Menu does not appear
-- SiteMap

Giemsa-staining method

Depertment of Genetics

Biodosimetry of human exposure to radiation:
A manual for detecting stable chromosome aberrations by the conventional Giemsa staining method

Akio A. Awa
Former Chief of Genetics Department, Radiation Effects Research Foundation, Hiroshima
Preparation of metaphases
Selection of metaphases
Nomenclatures for describing aberrations
Characteristics of chromosome groups (karyotyping)
Normal variation of chromosomes
Stable aberrations - introduction
Stable aberrations - deletion
Stable aberrations - inversion
Stable aberrations - reciprocal translocation
Example of misinterpretation

1. Introduction

The frequency of chromosome aberrations in blood lymphocytes has been used to estimate radiation doses received by individuals. There are two kinds of aberrations, stable and unstable.

Unstable aberrations, represented by dicentrics and centric rings, are easily detected, but they are lost with time following cell divisions. Thus, as years pass following radiation exposure, the frequency declines, and these aberrations are not useful for dose estimation. In contrast, stable aberrations, represented by reciprocal translocations and pericentric inversions (i.e., inversions that include centromeres), are not affected by cell division and hence do not disappear with time. However, these aberrations have their own problem: they are difficult to identify by the conventional method and hence the detection efficiency has remained low.

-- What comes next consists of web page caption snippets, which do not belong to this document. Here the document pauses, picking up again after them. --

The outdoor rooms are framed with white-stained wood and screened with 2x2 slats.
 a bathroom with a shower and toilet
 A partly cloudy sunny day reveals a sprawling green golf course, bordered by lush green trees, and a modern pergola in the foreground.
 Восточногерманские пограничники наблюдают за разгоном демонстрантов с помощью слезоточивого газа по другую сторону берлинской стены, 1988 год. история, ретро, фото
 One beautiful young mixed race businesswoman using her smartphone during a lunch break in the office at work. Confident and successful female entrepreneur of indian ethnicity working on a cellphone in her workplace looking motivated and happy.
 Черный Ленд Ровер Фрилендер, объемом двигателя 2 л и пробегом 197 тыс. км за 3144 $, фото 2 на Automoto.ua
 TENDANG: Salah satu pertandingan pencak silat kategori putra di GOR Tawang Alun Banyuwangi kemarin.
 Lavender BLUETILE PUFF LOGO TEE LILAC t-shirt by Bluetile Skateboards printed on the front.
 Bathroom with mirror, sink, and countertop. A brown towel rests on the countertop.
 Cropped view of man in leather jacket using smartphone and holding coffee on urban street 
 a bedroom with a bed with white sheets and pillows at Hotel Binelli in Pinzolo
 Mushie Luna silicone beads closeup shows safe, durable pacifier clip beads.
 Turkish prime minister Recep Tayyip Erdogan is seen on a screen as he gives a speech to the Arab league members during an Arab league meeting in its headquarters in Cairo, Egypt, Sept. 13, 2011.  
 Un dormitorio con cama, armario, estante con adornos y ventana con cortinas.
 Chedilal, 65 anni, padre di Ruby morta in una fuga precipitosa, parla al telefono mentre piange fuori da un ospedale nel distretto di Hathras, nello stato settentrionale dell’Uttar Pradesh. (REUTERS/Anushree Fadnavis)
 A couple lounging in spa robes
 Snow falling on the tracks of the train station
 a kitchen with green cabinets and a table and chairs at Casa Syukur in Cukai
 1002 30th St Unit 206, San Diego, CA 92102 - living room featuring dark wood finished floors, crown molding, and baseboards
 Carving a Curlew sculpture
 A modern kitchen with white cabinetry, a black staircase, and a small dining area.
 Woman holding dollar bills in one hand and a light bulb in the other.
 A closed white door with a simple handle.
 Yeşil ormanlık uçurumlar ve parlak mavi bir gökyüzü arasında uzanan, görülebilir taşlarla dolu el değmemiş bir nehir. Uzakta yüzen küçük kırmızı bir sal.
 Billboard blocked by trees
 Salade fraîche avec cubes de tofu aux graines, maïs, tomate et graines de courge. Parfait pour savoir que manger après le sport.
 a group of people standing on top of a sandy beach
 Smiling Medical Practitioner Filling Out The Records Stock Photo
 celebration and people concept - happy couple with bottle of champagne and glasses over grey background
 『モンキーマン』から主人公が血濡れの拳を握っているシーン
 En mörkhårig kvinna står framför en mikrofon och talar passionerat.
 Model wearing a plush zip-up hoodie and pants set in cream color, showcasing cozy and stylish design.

We started to examine chromosome aberration frequencies of atomic-bomb survivors in the late 1960s, but unstable aberrations had mostly disappeared by that time. Hence, detection of stable aberrations was the only choice. Only the conventional Giemsa staining method was available in those days, so we worked to establish a laboratory manual and continued the work for nearly 30 years.

Recently, a new chromosome painting technique (FISH) has become available to replace conventional Giemsa staining. This new technique uses painting of specific chromosomes with fluorescent dyes through in situ hybridization and enables chromosomal exchanges between the painted and non-painted chromosomes to be detected objectively. When we compared the results of the two methods for the same 200 survivors, we found that the conventional method detected translocations with nearly 70% of that by FISH (Nakano M et al. Int J Radiat Biol 77:971-7, 2001).

We felt recently that too much emphasis is given to FISH, as if no other methods can detect stable aberrations, which is not true for us. For this reason we decided to open this manual to the public so that scientists working in this field may understand that there are different methods to detect stable aberrations.

Although FISH has many technical advantages, the costs of performing FISH and installing the ultraviolet microscope are high. Thus, we sought to provide information that the conventional Giemsa staining can also detect a fairly good fraction of stable aberrations if one is well familiar with human karyotypes.

2. Preparation of metaphases

This manual has been prepared for those who experienced in cytogenetics, so I thus omitted technical procedures for preparing metaphases. Please refer to published manuals for this purpose. For example, refer to

Verma RS and Babu A: Human chromosomes. Manual of basic techniques. New York, Pergamonn Press, 1989.